Kedua, ketiadaan political will dengan alokasi anggaran konkret. Pada 2019, Kementerian Perhubungan mengkaji rencana jalur khusus logistik, namun tidak pernah terealisasi. Pemerintah memprioritaskan proyek-proyek infrastruktur prestisius dibanding sistem distribusi pangan yang kompleks namun kurang bergengsi dalam narasi publik.
Ketiga, fragmentasi hukum tanpa mekanisme integrasi. UU Pangan dan UU LLAJ berjalan sejajar tanpa saling mengikat. Tidak ada klausul dalam UU LLAJ yang mewajibkan pengalokasian prioritas untuk kepentingan ketahanan pangan yang diamanatkan UU Pangan.
Keempat, mentalitas profit-first versus public service. Pemerintah Indonesia belum sepenuhnya mengadopsi paradigma yang melihat logistik pangan sebagai public goods yang memerlukan investasi publik. Mobilitas frozen fresh fish (ikan beku segar), unggas, dan/atau produk mudah basi lainnya masih dianggap sebagai tanggung jawab penuh sektor swasta, maka pemerintah tidak merasa berkewajiban memfasilitasi infrastruktur khusus.
Revisi Pasal 134 UU LLAJ
Menyikapi kekosongan hukum tersebut, maka diperlukan reformasi hukum yang tegas. Pasal 134 UU LLAJ harus direvisi untuk menambahkan kategori ke-8 (delapan):
“Kendaraan pengangkut bahan pangan strategis yang mudah rusak (perishable goods) untuk kepentingan ketahanan pangan nasional, meliputi produk perikanan dan seafood segar/beku, produk daging dan unggas segar/beku, produk hortikultura segar, serta produk susu dan olahannya, dengan syarat:
(a) dilengkapi sistem monitoring suhu dan GPS real-time;
(b) memiliki Sertifikat Pengangkutan Pangan Strategis dari Badan Pangan Nasional;
(c) menggunakan isyarat visual khusus (lampu kuning berkedip) saat melewati zona kemacetan.”

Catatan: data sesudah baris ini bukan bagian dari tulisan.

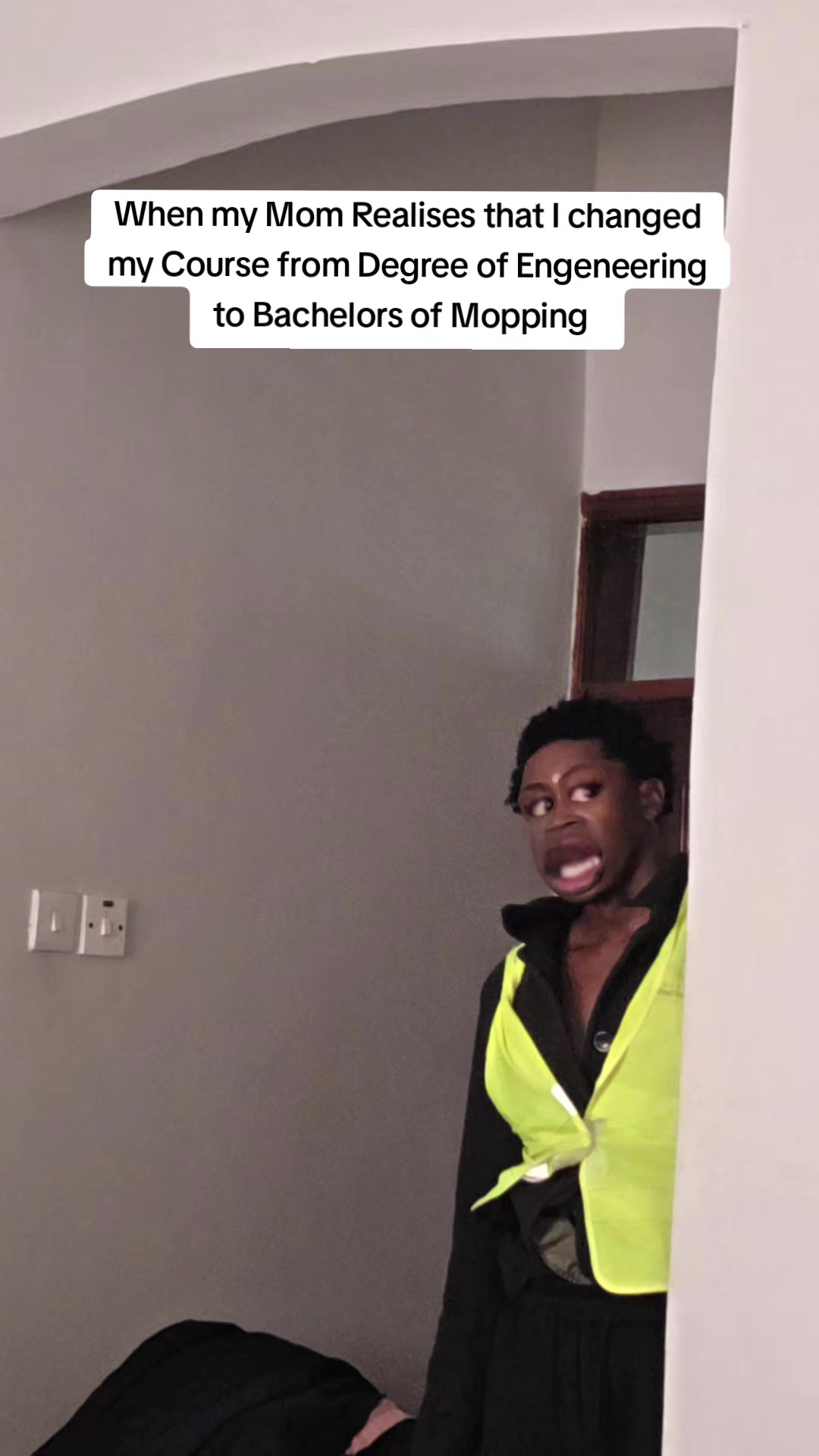 @🍇ŤÀĻĻÝ@VÏÅŅ🍒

Pembaharuan hukum tersebut setidaknya memberikan tiga manfaat struktural, yaitu: Pertama, menciptakan landasan hukum yang jelas bagi prioritas lalu lintas untuk kendaraan logistik pangan. Kedua, mengintegrasikan mandat UU Pangan ke dalam rezim lalu lintas. Ketiga, membuka akses hukum bagi supir truk untuk menuntut perlindungan hukum jika hak prioritas mereka dilanggar.
Syarat-syarat ketat (monitoring suhu, sertifikasi, isyarat visual) juga dipandang perlu guna mencegah penyalahgunaan dan memastikan bahwa hanya kendaraan yang benar-benar membawa pangan strategis yang mendapat prioritas.
Dampak yang Diharapkan
Revisi Pasal 134 UU LLAJ membawa implikasi normatif berlapis. Bahwa pada level konseptual, pasal tersebut sanggup mengesahkan perubahan paradigma: ketahanan pangan diakui sebagai kepentingan setara dengan penyelamatan nyawa dalam kondisi akut. Sedangkan pada level operasional, pasal tersebut memberikan dasar hukum kepada Kepolisian RI untuk mengatur lalu lintas dengan memprioritaskan kendaraan perishable tertentu.

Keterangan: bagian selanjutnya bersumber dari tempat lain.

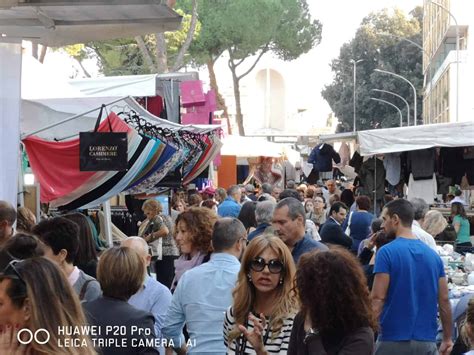 Santa Marinella Sabato Gli Ambulanti Di Forte Dei Marmi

Pada level praktis, revisi pasal tersebut membuka jalan untuk regulasi derivatif: Peraturan Pemerintah tentang tata cara penetapan sertifikat pangan strategis, Peraturan Kapolri tentang mekanisme prioritas lalu lintas, Peraturan Menteri Perhubungan tentang standar kendaraan logistik pangan.
Efek jangka panjang diharapkan termasuk penurunan food loss dalam distribusi, penurunan biaya logistik perishable, peningkatan ketersediaan pangan lokal di pasar, dan peningkatan daya saing produk perikanan Indonesia di pasar global.
Kekosongan hukum dalam Pasal 134 UU LLAJ bukan sekadar ketiadaan teknis peraturan, melainkan merupakan absennya pengakuan hukum terhadap dimensi vital ketahanan pangan nasional. Supir truk pengangkut ikan segar tidak mempunyai landasan hukum untuk menuntut prioritas, meskipun misinya sama pentingnya dengan ambulans: menyelamatkan nyawa melalui distribusi bahan hidup. Reformasi Pasal 134 UU LLAJ bukan biaya tambahan kepada sistem hukum, melainkan perbaikan fundamental dalam menyelaraskan regime lalu lintas dengan mandat ketahanan pangan. Negara-negara maju sudah mempraktikkan prioritas semacam ini. Indonesia tidak perlu menemukan mekanisme dari nol—tinggal mengadopsi praktik global dan menyesuaikannya dengan konteks lokal.